Not going to defend Bitget here, with a hundred or so exchanges it's damn hard to find users who have traded on exactly two or three and can compare them side by side. But volume shouldn't be an indicator, with all the news and attention focusing on numbers every single exchange fakes them, some in a smart way, some more obvious.
If we take that list by volume and hide the names I'm sure a lot of people would raise an eyebrow at exchange placed at over 50, with way less volume than some one or two years old exchanges, but I would still trust them than half of the top 10, if we look at the volume we see the ones that survived hacks, reimbursed users and have no problem still operating within the US and EU are down the list while shitty exchanges that in some cases have no office or licenses are claiming to be next generation of that and this.
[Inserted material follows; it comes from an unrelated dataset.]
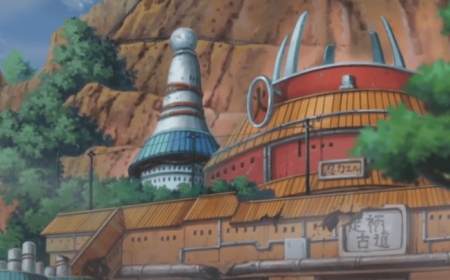 Sizinde Öğrencisi Olmak İsteyeceğiniz Animelerdeki Okullar!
That being said all my instincts scream stay away from any exchange that claims it has a U.S. MSB License but at the same time tells us:
This Agreement in its entirety is a contract concluded under the laws of the Singapore, and relevant laws of the Singapore shall apply to its establishment, interpretation, content and enforcement; You also unconditionally agree that the venue or competent court for any dispute or problem relating to this Agreement or any claim and proceeding arising from this Agreement shall be exclusively in the Singapore.
Website is operated mostly from Singapore but it's really from China, and it is showing they have license for Canada, Singapore, USA and Australia, but I think that KYC verification and without that you can only withdraw up to 0.1 BTC daily.
The screenshot you've posted says the limit is 20 BTC a day, probably not updated. Also, lol, "the maximum withdrawal amount can't exceed the amount available in your account".Seriously?
No fair!
Ayhow, bottom line, I still think there are better options out there.